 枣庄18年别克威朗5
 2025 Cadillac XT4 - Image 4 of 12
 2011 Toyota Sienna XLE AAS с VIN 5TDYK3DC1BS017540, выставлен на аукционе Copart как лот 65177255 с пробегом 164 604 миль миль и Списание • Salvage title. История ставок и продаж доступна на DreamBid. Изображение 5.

What is needed: Go through the listing and copy each line exactly.

Exercise result:
 枣庄18年别克威朗5
 2025 Cadillac XT4 - Image 4 of 12
 2011 Toyota Sienna XLE AAS с VIN 5TDYK3DC1BS017540, выставлен на аукционе Copart как лот 65177255 с пробегом 164 604 миль миль и Списание • Salvage title. История ставок и продаж доступна на DreamBid. Изображение 5.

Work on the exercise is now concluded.